# envoyer une fiche contact par sms



## PDD (9 Octobre 2019)

Avec IOS 13 je ne peux envoyer à un contact la fiche d'un autre contact que par mail, sms est bien dans les possibilités mais c'est mail qui s'ouvre uniquement si j'active l'envoi par sms. Est ce normal, merci de vos avis.


----------



## asticotboy (10 Octobre 2019)

Je m'en sors bien, encore un problème auquel j'échappe !
Il y a sûrement un souci de paramétrage, à creuser...


----------



## Membre supprimé 1129907 (10 Octobre 2019)

Partager cette fiche > messages (deuxième ligne)


----------



## PDD (10 Octobre 2019)

Oui mais si j'active message cela ne part pas, seul mail me permets d'envoyer la fiche à un contact.


----------



## Membre supprimé 1129907 (10 Octobre 2019)

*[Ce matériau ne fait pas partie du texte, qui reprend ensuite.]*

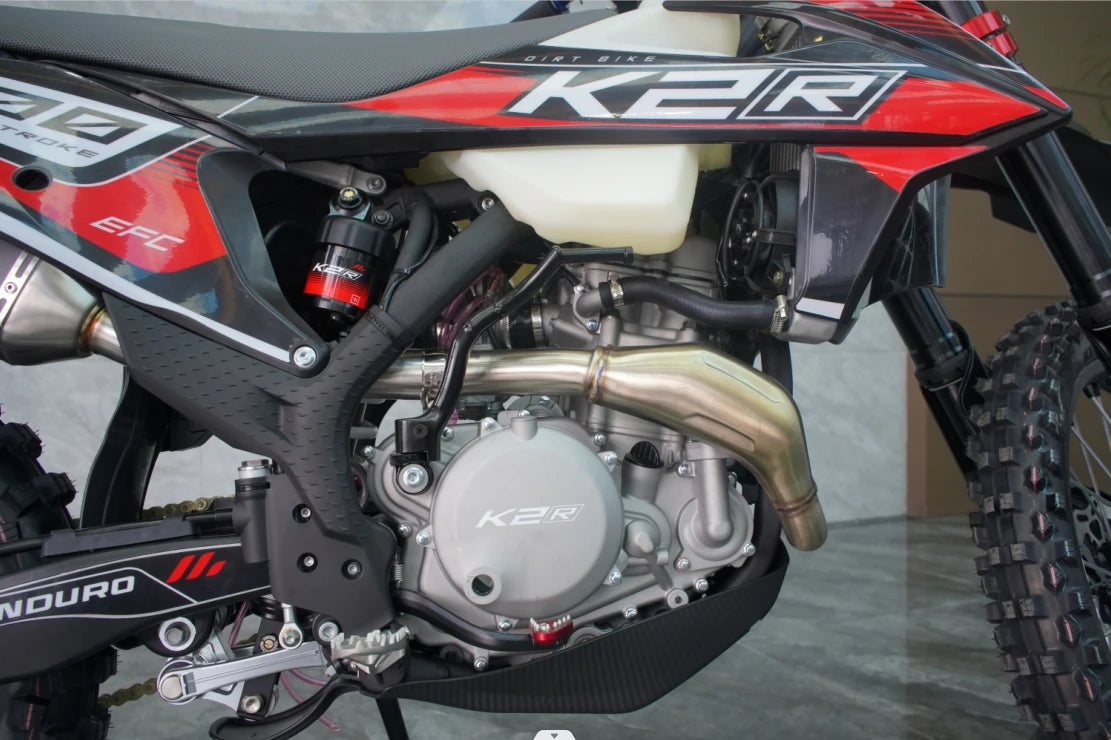 🏍️ KAMAX 300NC Enduro – 300cc, 4 Temps, Refroidissement par Eau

Bizarre, peut-être que c’est lié au type de sms ?
- sms
- mms
- imessage

As-tu essayé avec le destinataire aussi sur iPhone ?


----------



## PDD (12 Octobre 2019)

Oui mais chez moi seul mail (j'ai le choix Air Drop, message, mail, WA, ...) peut envoyer une fiche de contact complètement, avec WA seul le numéro de téléphone est envoyé, pas bien grave j'attendrai la prochaine version. Par contre aucun soucis pour envoyer une photo par mail ou WA ou...


----------